These thoughts are excerpts from a seminar I attended some time back given by Chuck Hogan, a sports psychologist to the PGA Tour.
1. Should I play golf while learning the fundamentals?
2. Wouldn't I be better off just practicing at home or on the range?
3. Don't I run the risk of confusion when I am on the course and trying to learn at the same time?
Answer: Playing golf and learning golf fundamentals are two entirely different things and events. Do each as separate activities deserving of their own attention and use of your energy.
Playing golf is an act of intelligence. Learning golf fundamentals is an act of intellect. Do both, but not at the same time and/or in the same environment.
Go play golf. Go to the golf course. Hit the ball. Find the ball. Repeat until the ball is in the hole. Have fun. The end.
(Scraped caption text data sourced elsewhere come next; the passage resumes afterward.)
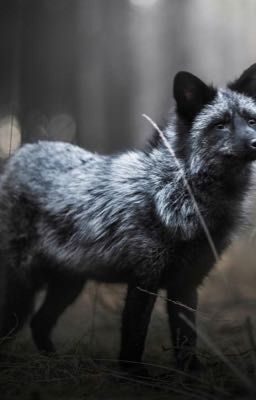 Мои веселые похождения по Средиземью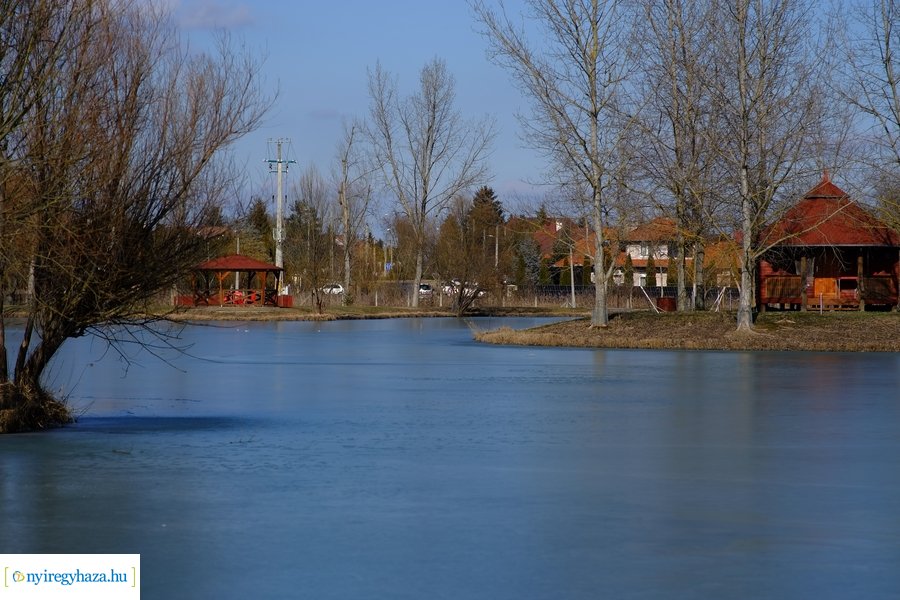 Tüskevári csendélet 20230212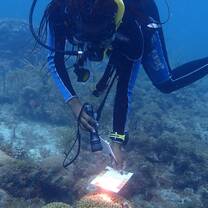 One of our Research Buddies doing Coral Watch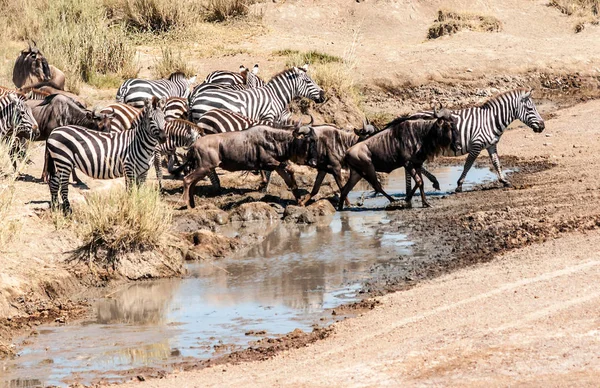 Zebra Gnú Átkelés Serengeti — Stock Fotó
Learn the fundamentals. One chunk at a time. Do this in the backyard, the living room or driving range, practice putting and chipping areas but not on the golf course. Put your intention and attention on each chunk, one at a time. Continue until you have claimed somewhat of a mastery of each successive chunk and have validated your success.
Keep playing golf. Your mastery of fundamentals will emerge into your golf game as an act of play, not by forcing it there with your will.
"All intelligence arises from concrete to abstract." (from "The Magical Child," a book by Joseph Pearce).
Play golf with the indulgence of a child and your fundamentals will fall into place without your conscious awareness. It is possible to notice progress only in retrospect.
In match play a player's ball lies in a hazard. While waiting his turn to play, he casually leans on his club in the hazard. Ruling?
Answer to last teaser:
In match play, a player played his shot from a bunker. His opponent made him replay the shot since he played out of turn. Before he played, he reraked the bunker. Ruling? No penalty.